Splitting large files in half

Asked by At

tl;dr: I need a way of splitting 5 GB / ~11m row files in ~half (or thirds) while keeping track of exactly every file I create and of course not breaking any lines, so I can process both files at once

I have a set of 300 very large json-like files I need to parse with a php script periodically. Each file is about 5 GB decompressed. I've optimized the hell out of parsing script and it's reached it's speed limit. But it's still a single-threaded script running for about 20 hours on a 16 core server.

I'd like to split each file into approximately half, and have two parsing scripts run at once, to "fake" multi-threaded-ness and speed up run time. I can store global runtime information and "messages" between threads in my sql database. That should cut the total runtime in half, having one thread downloading the files, another decompressing them, and two more loading them into sql in parallel.

That part is actually pretty straight forward, where I'm stuck is splitting up the file to be parsed. I know there is a split tool that can break down files into chunks based on KB or line count. Problem is that doesn't quite work for me. I need to split these files in half (or thirds or quarters) cleanly. And without having any excess data go into an extra file. I need to know exactly what files the split command has created so I can note easy file in my sql table so the parsing script can know which files are ready to be parsed. If possible, I'd even like to avoid running wc -l in this process. That may not be possible, but it takes about 7 seconds for each file, 200 files, means 35 extra minutes of runtime.

Despite what I just said, I guess I run wc -l file on my file, divide that by n, round the result up, and use split to break the file into that many lines. That should always give me exactly n files. Than I can just know that ill have filea, fileb and so on.

I guess the question ultimately is, is there a better way to deal with this problem? Maybe theres another utility that will split in a way thats more compatible with what I'm doing. Or maybe there's another approach entirely that I'm overlooking.

1 Answers

1
user2203703 On

I had the same problem and it wasn't easy to find a solution.

First you need to use jq to convert your JSON to string format.

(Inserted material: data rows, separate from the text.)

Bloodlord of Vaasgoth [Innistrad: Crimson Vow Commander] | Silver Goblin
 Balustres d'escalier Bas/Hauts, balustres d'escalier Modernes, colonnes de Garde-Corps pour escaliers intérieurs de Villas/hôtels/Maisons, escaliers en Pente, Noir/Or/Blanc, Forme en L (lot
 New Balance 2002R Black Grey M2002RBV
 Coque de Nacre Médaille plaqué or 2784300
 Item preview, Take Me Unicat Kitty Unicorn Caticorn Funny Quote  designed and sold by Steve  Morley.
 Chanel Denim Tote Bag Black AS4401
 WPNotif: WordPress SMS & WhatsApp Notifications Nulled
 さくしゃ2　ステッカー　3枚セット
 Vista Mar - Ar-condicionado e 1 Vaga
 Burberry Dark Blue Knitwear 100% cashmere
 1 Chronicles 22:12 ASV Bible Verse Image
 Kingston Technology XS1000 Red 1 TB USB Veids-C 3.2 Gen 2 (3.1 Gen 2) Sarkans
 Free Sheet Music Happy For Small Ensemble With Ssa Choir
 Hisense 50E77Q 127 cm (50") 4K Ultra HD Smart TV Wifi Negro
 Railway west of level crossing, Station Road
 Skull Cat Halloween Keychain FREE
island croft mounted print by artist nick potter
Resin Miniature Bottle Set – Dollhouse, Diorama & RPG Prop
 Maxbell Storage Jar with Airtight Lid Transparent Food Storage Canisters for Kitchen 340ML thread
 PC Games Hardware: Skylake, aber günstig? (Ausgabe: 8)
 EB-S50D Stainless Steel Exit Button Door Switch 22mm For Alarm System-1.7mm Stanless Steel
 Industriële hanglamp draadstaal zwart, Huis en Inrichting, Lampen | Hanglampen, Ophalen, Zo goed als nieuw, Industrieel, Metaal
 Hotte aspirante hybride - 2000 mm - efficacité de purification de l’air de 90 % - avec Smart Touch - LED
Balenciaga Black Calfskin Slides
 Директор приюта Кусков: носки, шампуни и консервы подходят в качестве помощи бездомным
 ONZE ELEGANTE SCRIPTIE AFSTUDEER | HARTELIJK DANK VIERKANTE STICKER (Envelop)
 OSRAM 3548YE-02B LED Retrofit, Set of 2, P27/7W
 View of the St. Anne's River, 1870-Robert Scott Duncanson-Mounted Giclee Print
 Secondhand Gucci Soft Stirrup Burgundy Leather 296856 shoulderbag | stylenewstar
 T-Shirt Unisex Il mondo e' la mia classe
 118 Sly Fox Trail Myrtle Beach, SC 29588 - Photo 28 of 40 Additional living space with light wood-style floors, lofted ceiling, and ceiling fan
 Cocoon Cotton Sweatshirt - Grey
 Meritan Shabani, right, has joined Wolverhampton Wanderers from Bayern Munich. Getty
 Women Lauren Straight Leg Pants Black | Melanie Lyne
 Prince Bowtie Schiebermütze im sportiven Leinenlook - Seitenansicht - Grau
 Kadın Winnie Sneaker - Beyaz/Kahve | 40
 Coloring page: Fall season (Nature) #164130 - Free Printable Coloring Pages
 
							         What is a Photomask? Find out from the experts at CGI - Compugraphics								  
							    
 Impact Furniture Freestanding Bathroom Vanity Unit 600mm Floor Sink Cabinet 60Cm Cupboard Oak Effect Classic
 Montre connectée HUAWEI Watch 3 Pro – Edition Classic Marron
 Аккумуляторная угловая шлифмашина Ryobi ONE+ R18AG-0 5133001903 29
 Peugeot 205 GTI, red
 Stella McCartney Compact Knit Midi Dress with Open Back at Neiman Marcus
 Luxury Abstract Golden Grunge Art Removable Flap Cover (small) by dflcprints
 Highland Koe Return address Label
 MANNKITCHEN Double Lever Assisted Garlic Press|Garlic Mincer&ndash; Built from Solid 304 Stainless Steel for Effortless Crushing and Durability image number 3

Then use the GNU version of split, it has an extra --filter option which allows processing individual chunks of data in much less space as it does not need to create any temporary files:

split --filter='shell_command'

Your filter command should read from stdin:

jq -r '' file.json | split -l 10000 --filter='php process.php'

-l will tell split to work on 10000 lines at a time.

In process.php file you just need to read from stdin and do whatever you want.